Under our current retransmission consent regime, adistant station must give its consent before its signal may be imported into another station’s local market.  And, in practice, network affiliation and syndication agreements typically prohibit broadcast stations from granting MVPDs retransmission consent for out-of-market carriage of their signals.  Networks, syndicators, and broadcast stations that choose to create exclusive distribution rights may effectively safeguard those rights through privately negotiated affiliation and syndication agreements.  They will continue to have this right in the absence of our exclusivity rules.  It is thus wrong to suggest that, in the absence of the exclusivity rules, the compulsory copyright licenses would allow MVPDs “to abrogate exclusive licenses negotiated by broadcasters in the marketplace.”
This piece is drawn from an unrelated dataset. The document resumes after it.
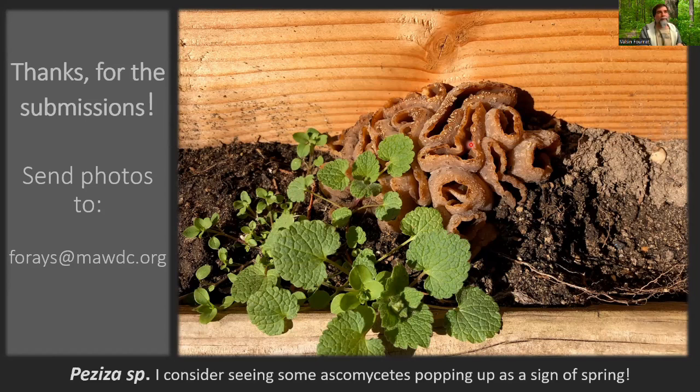Thanks for the submissions, everyone. The forays will be starting relatively soon — go see what we can find in the spring. If you get any photos, you can send them to forays.mawdc.org. Thanks.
Nor would MVPDs get a free ride to carry copyrighted material without paying.  MVPDs today pay fees to broadcasters for the right to retransmit their signals, and when networks, syndicators, or content creators license their content to broadcast stations they understand that the content carried on the broadcast signal will be retransmitted by MVPDs, consistent with the agreed-on territorial restrictions.  The transactions necessarily reflect that understanding.  The fact that an MVPD pays to retransmit the “signal” of a station does not hide the fact that the payment is the key that unlocks the right to retransmit the content carried on the signal and that the content providers have been paid for inclusion of their programming.

Is it time to reconsider the compulsory licenses for cable and satellite?  The main rationale for their adoption was that it would be too cumbersome for MVPDs to negotiate separately to license all the varied programming carried on a broadcast signal.  The later success of cable channels in acting as “rights aggregators” to obtain the necessary rights to provide the programming they assemble to MVPDs may justify a fresh look at that rationale.  But the compulsory licenses, and the rationale on which they are based, provide no reason to retain the exclusivity rules, as geographic exclusivity can be well protected by contract, with the backup of the retransmission consent regime. 

There was a time and a place for the Commission’s exclusivity rules.  That time has passed.  It is now time for the Commission to step aside and let programming negotiators in the private marketplace do their jobs.  Networks, syndicators, and broadcast stations today decide what exclusivity provisions to include in their affiliation and syndication agreements – and they will be free to do so in the absence of our rules.  They will have multiple means of enforcing those provisions without the additional device of an exclusivity complaint to the Commission, which has scarcely ever been filed.  They may choose to include provisions in their agreements geared to facilitating enforcement, such as provisions for private arbitration, fee shifting, choice of law, and third-party beneficiary rights.  And in the end any station will know that a network or syndicator does not have to continue to deal with a station that grants retransmission rights beyond the scope permitted by its affiliation or syndication agreement.